I walk, and keep walking at a fast human pace as the feel of a great emotion hits me. I have to take a step back and then I'm moving forward again. It's frustration, it's stress and annoyance. I smell vanilla and strawberry bubble gum. It smells nice. But I'm not hungry. It smells good but I'm not hungry? What's suddenly wrong with me? I keep walking and the emotions get stronger. Someone is here, standing in my spot. It must be one of the freshman cutting classes again. But I'm wrong. I turn the corner as I heard the faint click of a lighter and a draw of a breath. I saw a mope of wild curly hair, black leather and grey wash jeans. A tall and yet short frame. Stress, frustration, agony and annoyance. Wave after wave, after wave of the same emotions. I could feel myself start to spread the emotions throughout the school. I stared; I just stood there and stared. That is too much emotion for a single person's lifetime. A giggle, a girlish little giggle and a smirk was shown. The second sound of a breath being drawn. And then, total calmness. Total peace tranquillity. It was the calmest feeling I had ever felt before. I had to commit it to memory for a later date. I have never in my entire lifetime felt this calm, particularly around a young human. And yet, it felt so familiar, so natural.

"Fancy seeing you here little Whitlock." Her voice was like lilacs and tulips in the summer breeze. How it is that it sound like flowers, I did not know. But it did. She breathed out a white cloud and lowered her hand as she turned her face towards me with a knowing smile on her face. She knows things, I know it, can feel it. Like the calm, I can feel it. My tense demeanour had noticeably vanished since that first intake of breath, since that first wave of calmness. I have never been this calm. I couldn't say anything. Words seemed to be too much of an effort to be expressed or expelled from my lips, my body too lazy to utter a single sound or syllable. Another draw, another breath adds an extra wave to the calmness. I mimic her stance and lean against the gyms exterior walls. It's easier to stand that way, easier to balance. My body feels close to being asleep. I haven't felt that feeling for centuries; I had forgotten what it had felt like, to sleep. She looks away again, towards the forest's skies.
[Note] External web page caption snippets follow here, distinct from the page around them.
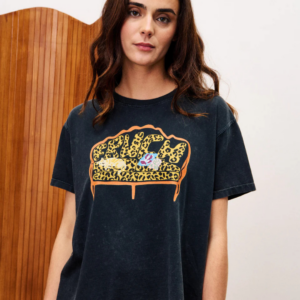 T-shirt Stevia anthracite FRNCH, coupe droite, col rond classique, 100% coton bio, print exclusif, fabriqué au Portugal.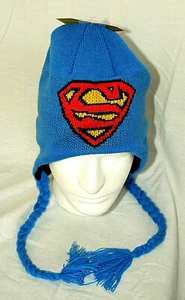 DC Comics Retro Laplander Superman "S" Logo Strick Wintermütze Mütze Neu aus altem Lagerbestand Neu 2013 - Bild 1 von 3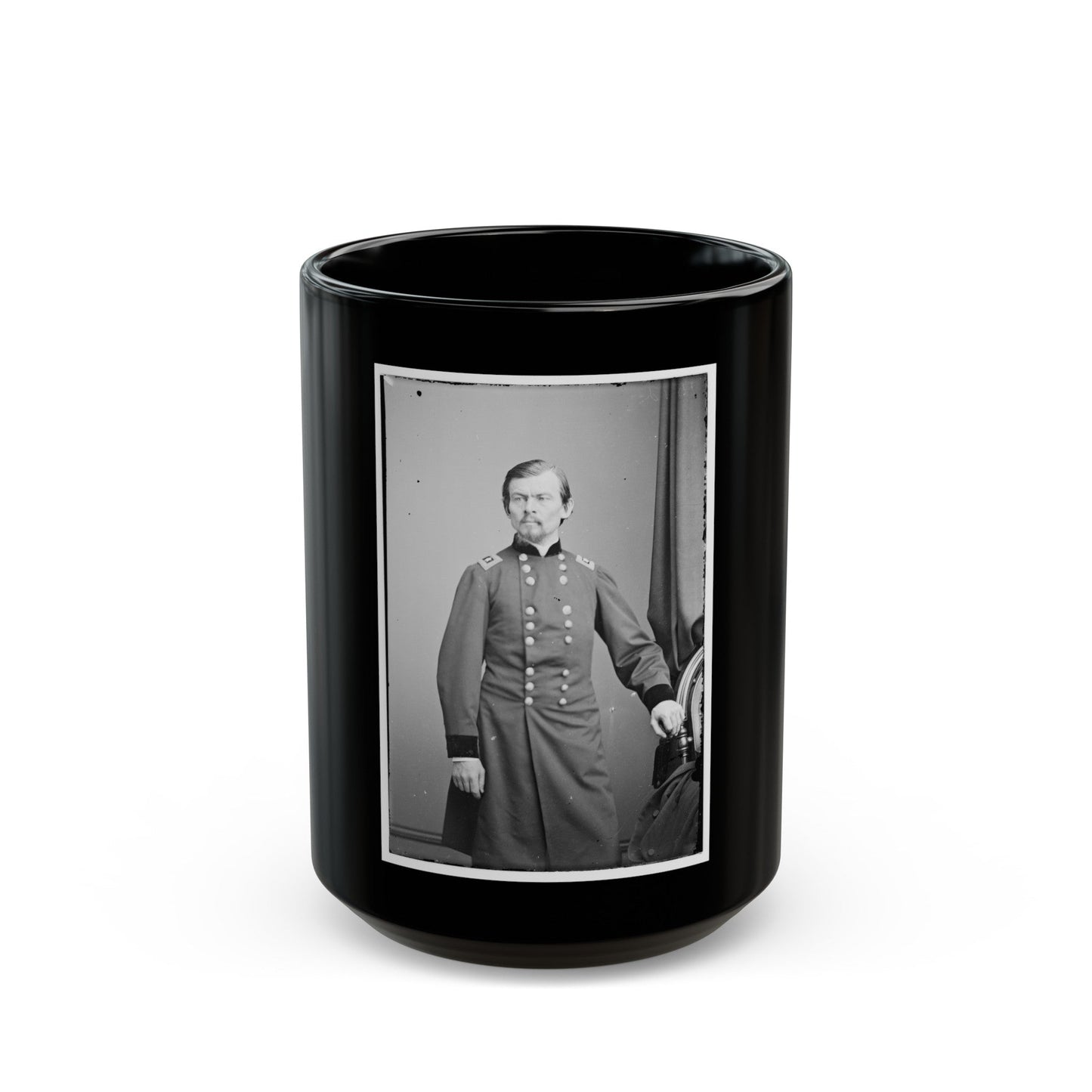 Portrait Of Maj. Gen. Franz Sigel, Officer Of The Federal Army (U.S. Civil War) Black Coffee Mug-15oz-The Sticker Space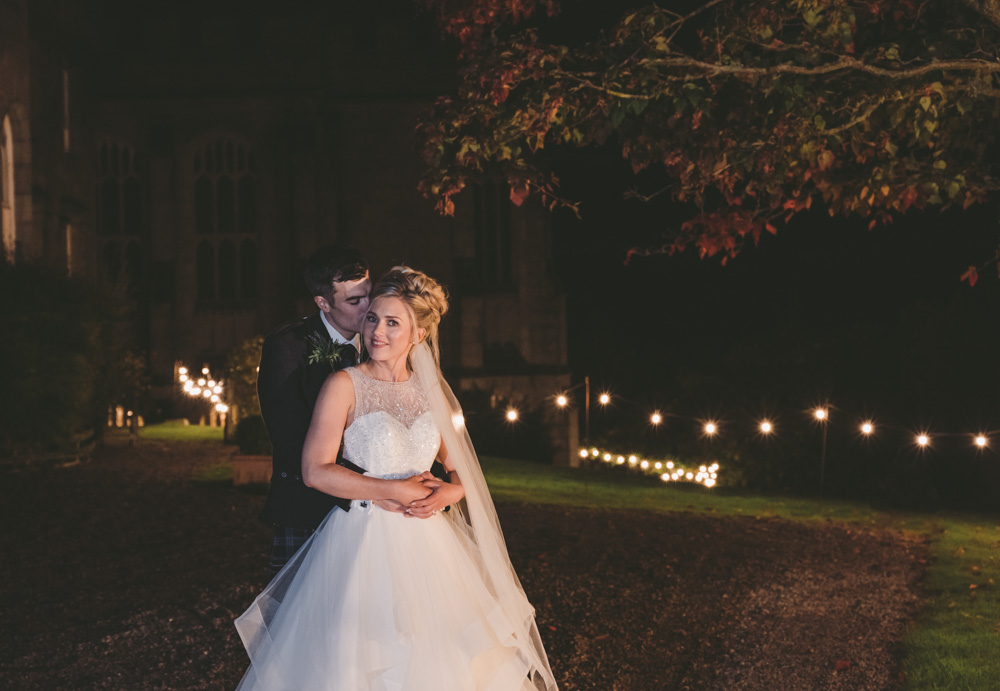 Nightime photo of Rachael and Dave's Cluny castle wedding by Aberdeen wedding photography specialist Zoe Rae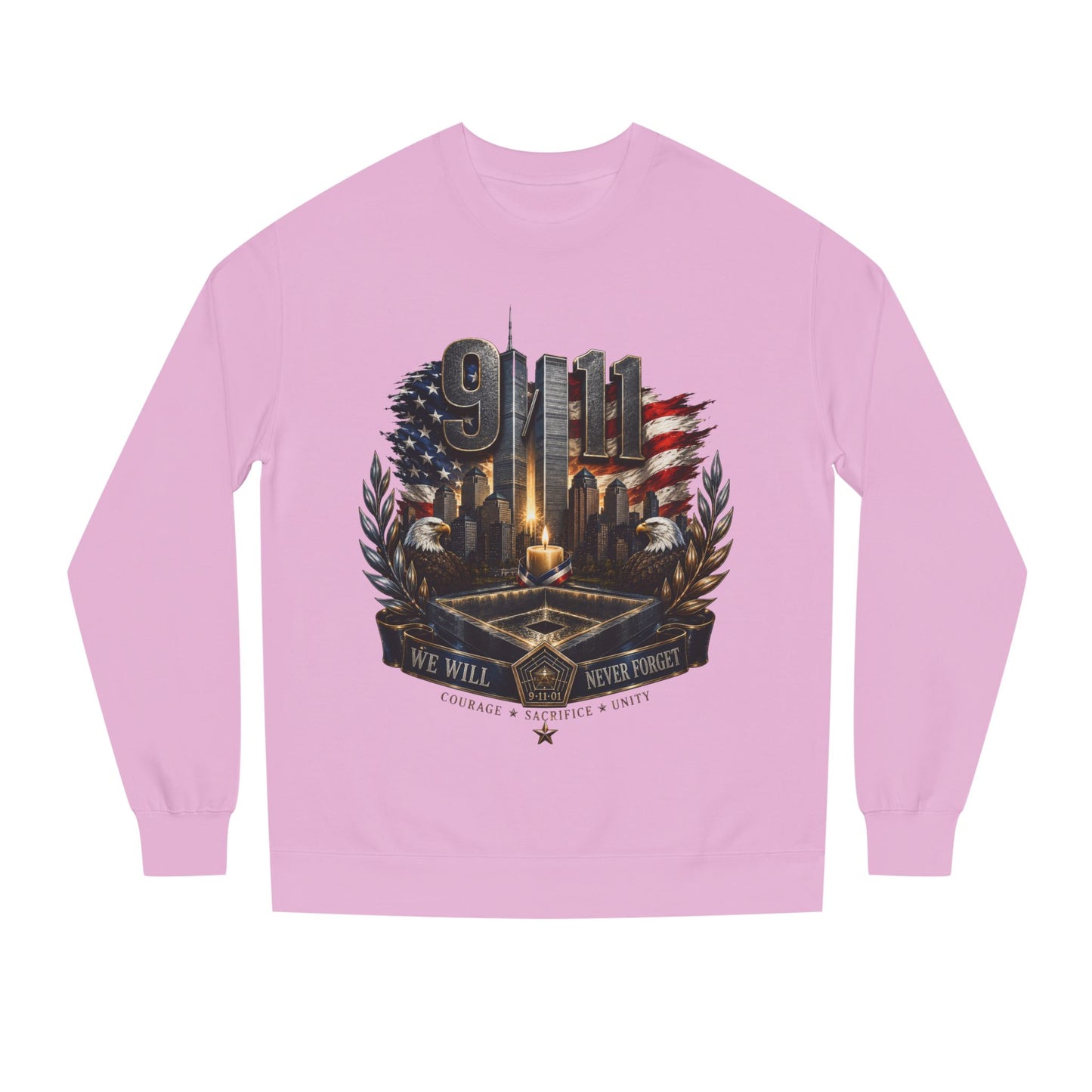 9/11 Memorial Crewneck Sweatshirt — We Will Never Forget Tribute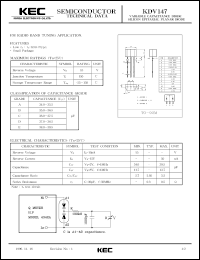 KDV147D datasheet: Silicon diode for FM radio band tuning applications KDV147D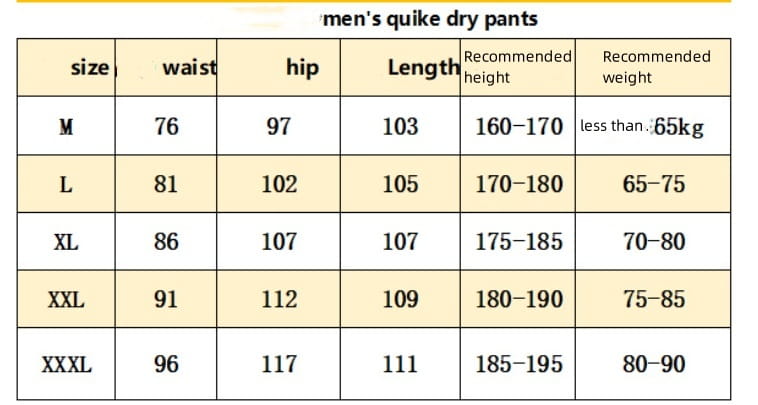Men quick dry tactical hiking pants size chart showing waist hip and length measurements for sizes m to xxxl.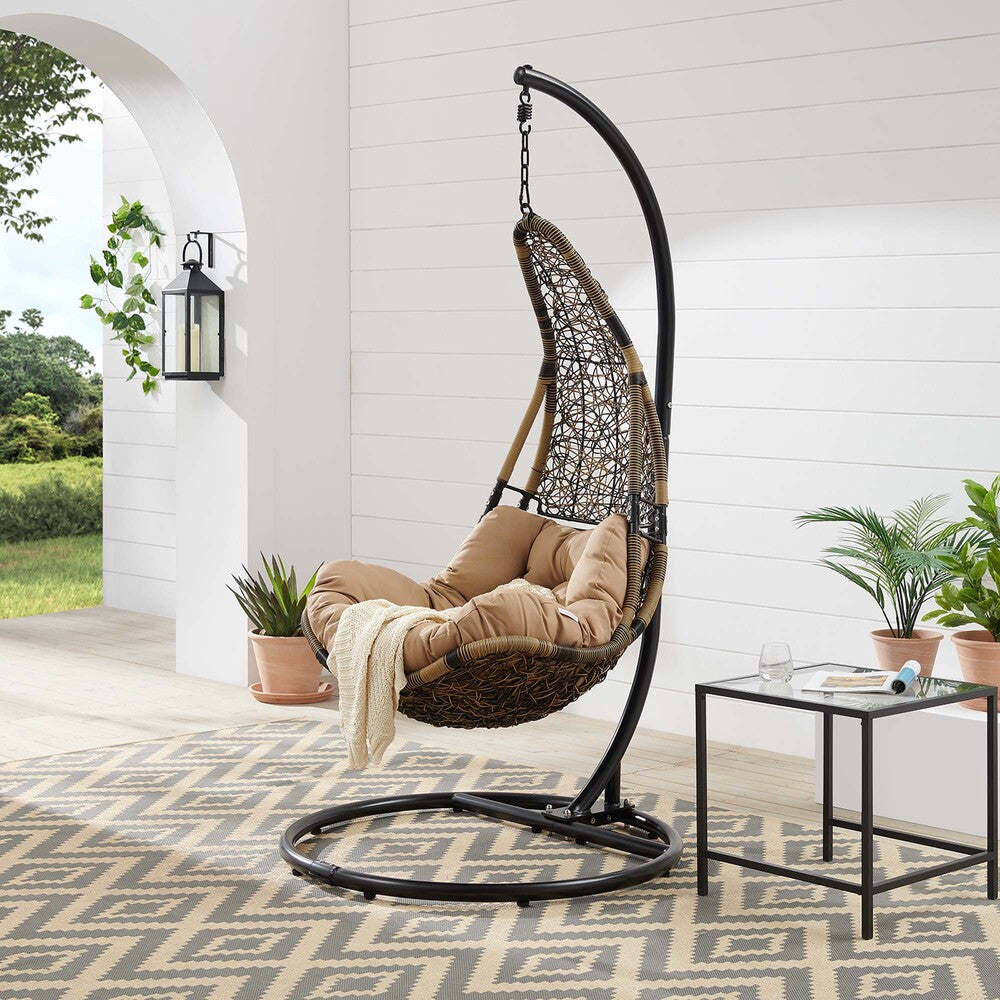 EEI-2276 Abate Wicker Rattan Outdoor Patio Swing Chair by Modway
"Intelligence doesn't count as an excuse for truancy you know?" she breaths again, another cloud, another wave of calm. She says it so lightly, like it was an everyday conversation that we share. My mind starts to empty.

"What… What are you doing…?" to me. What are you doing to me? That was what I was trying to say, but I couldn't. What was she doing to me! But I couldn't say it. It was such a struggle to speak and my voice, so low, under a whisper. She wouldn't, couldn't have heard me. She did.

"I'm smoking Major. And action not unknown to you I am sure." Again she has another draw, another breath, another cloud and another wave of calm. The both of us, still looking forward, slid down to the mildew grass covered floor. Our legs had become weak, unable to continue supporting our weight a moment longer.

..xXxXxXxXx..

Authors Note:

Hey everyone! I am exceedingly sorry for my lack of updates on this story. I know it has been forever, since I last posted anything but I hope you enjoy this chapter. Admittedly it is a bit shorter then intended but I wanted to give you guys something. Thank you to anyone who still finds interest in my story/stories.